:: Recorded data ::
↓

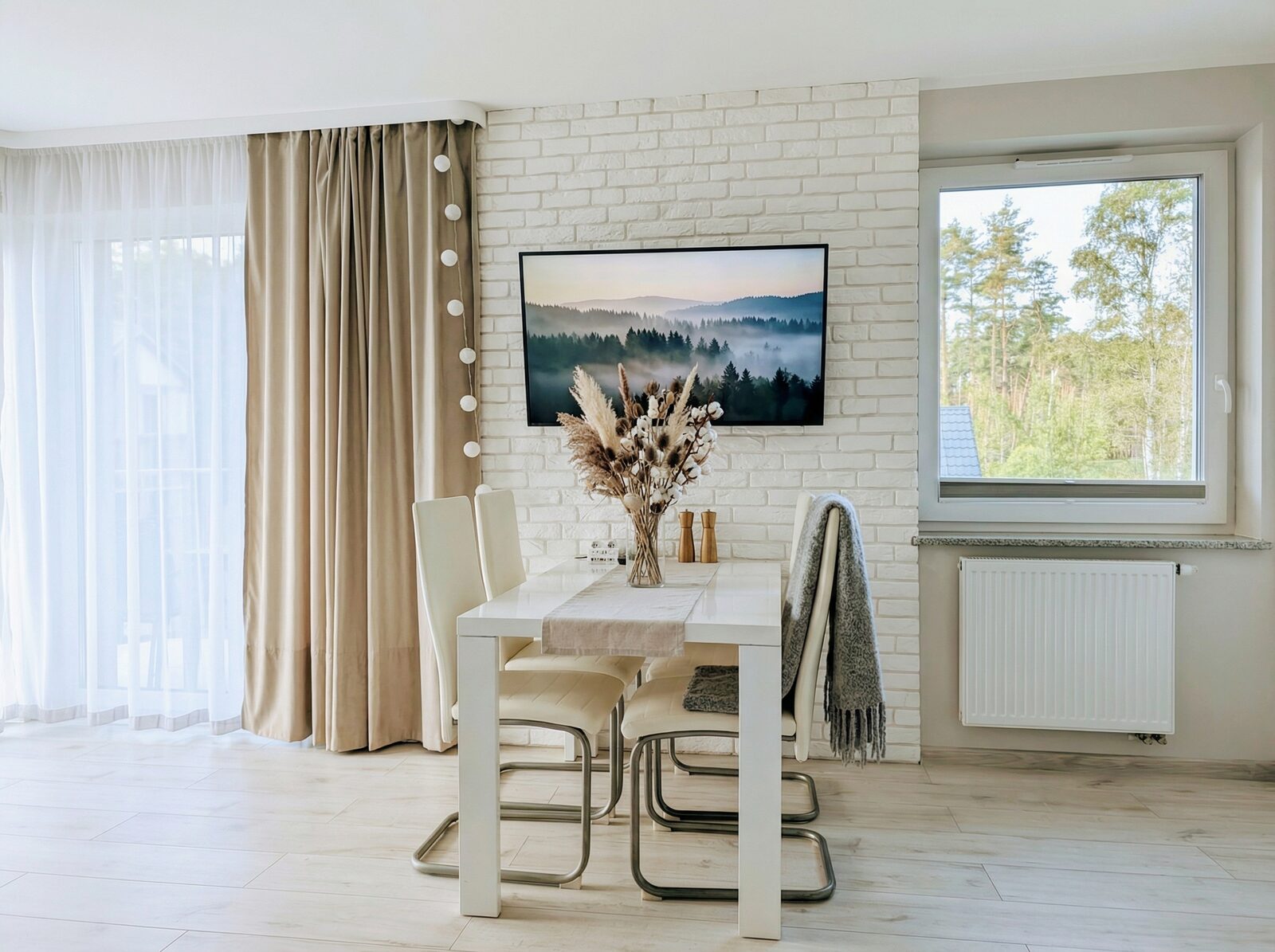 Deluxe Suite — jadalnia przy oknie z widokiem na zieleń
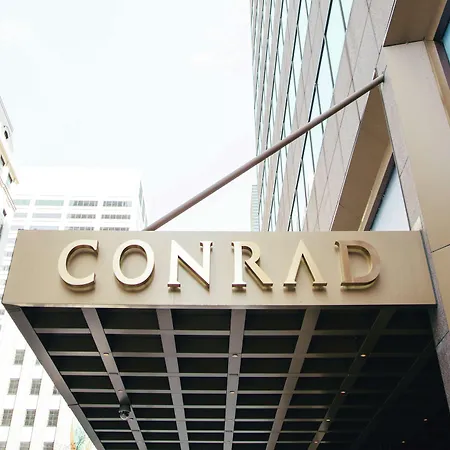 By Marriott Downtown Magnificent Mile 3*
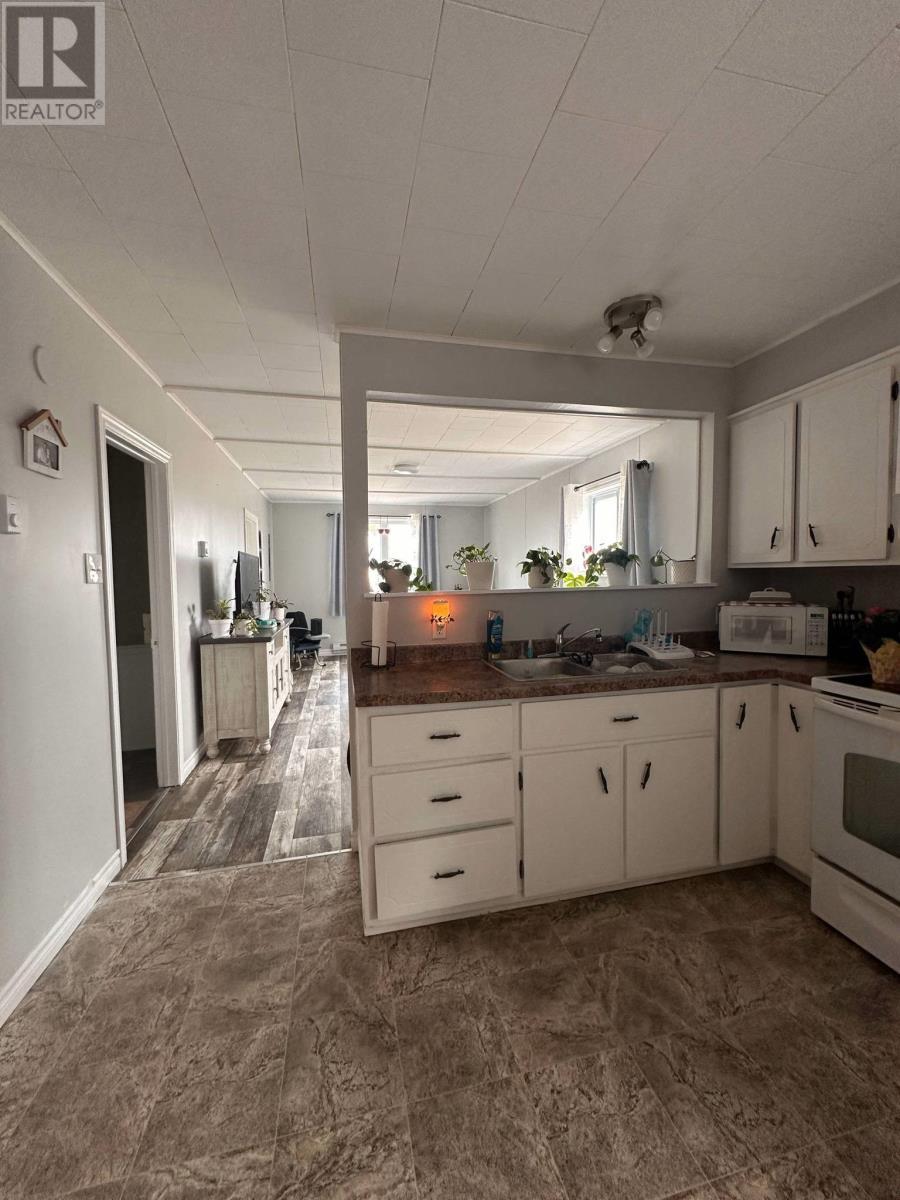 375 A & B Creston Boulevard, Marystown, NL - Indoor Photo Showing Kitchen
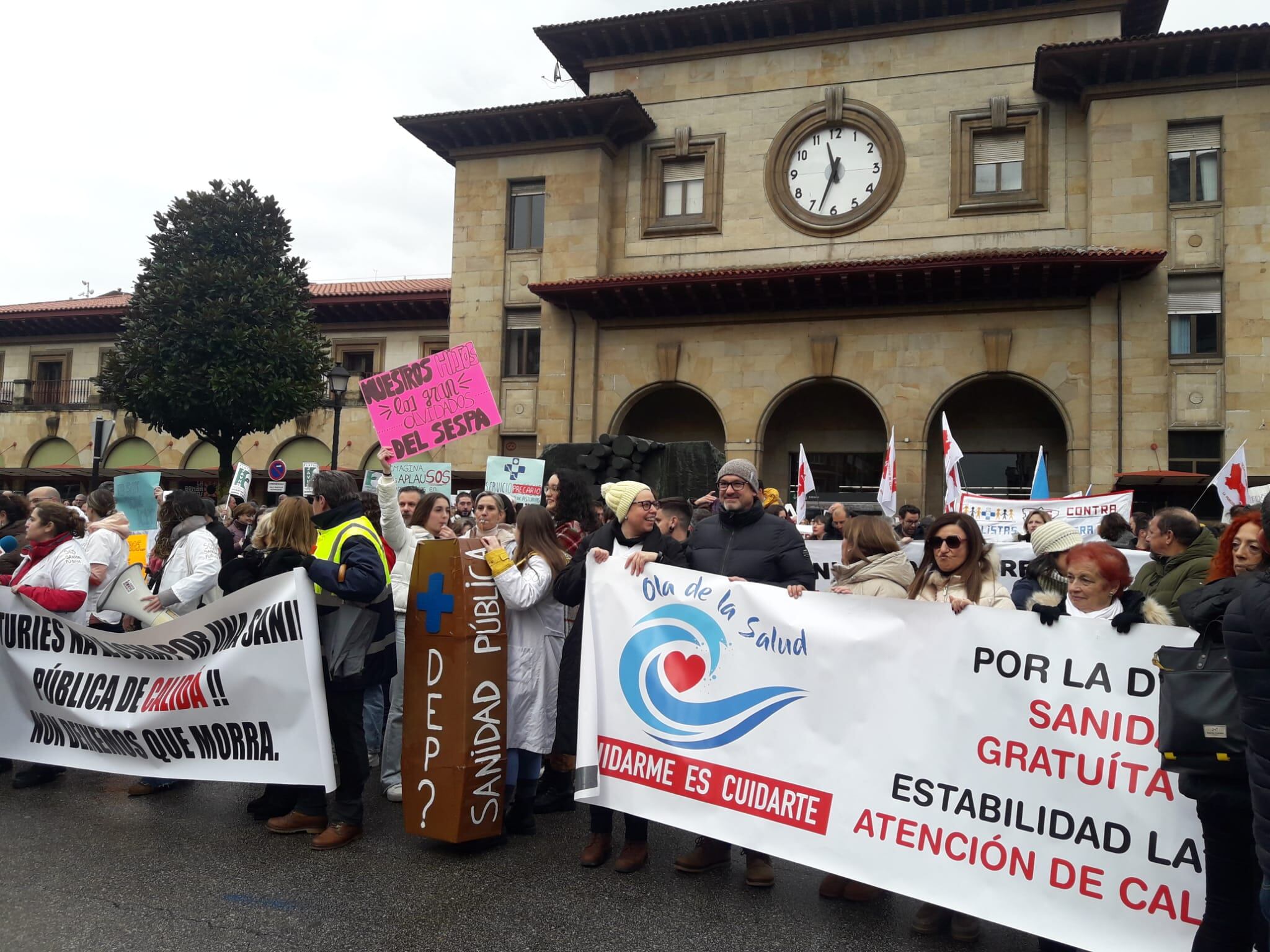 A la marcha, que partía desde la estación de tren, se han ido sumando sanitarios y usuarios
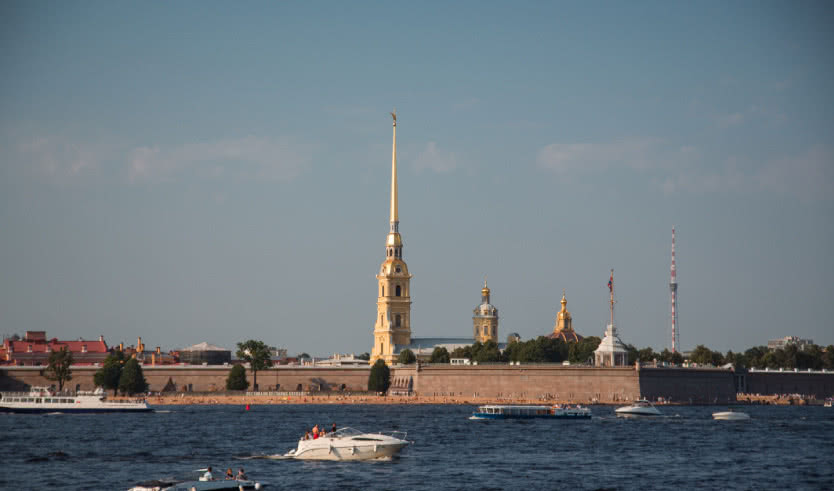 Петропавловская крепость – водные экскурсии по рекам и каналам от 600 рублей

↑

:: Your task ::
Your job is to restate, word for word, only the lines from the one holding "A la marcha, que" through the end of the material; pictures stay out.

:: Response box ::
 A la marcha, que partía desde la estación de tren, se han ido sumando sanitarios y usuarios
 Петропавловская крепость – водные экскурсии по рекам и каналам от 600 рублей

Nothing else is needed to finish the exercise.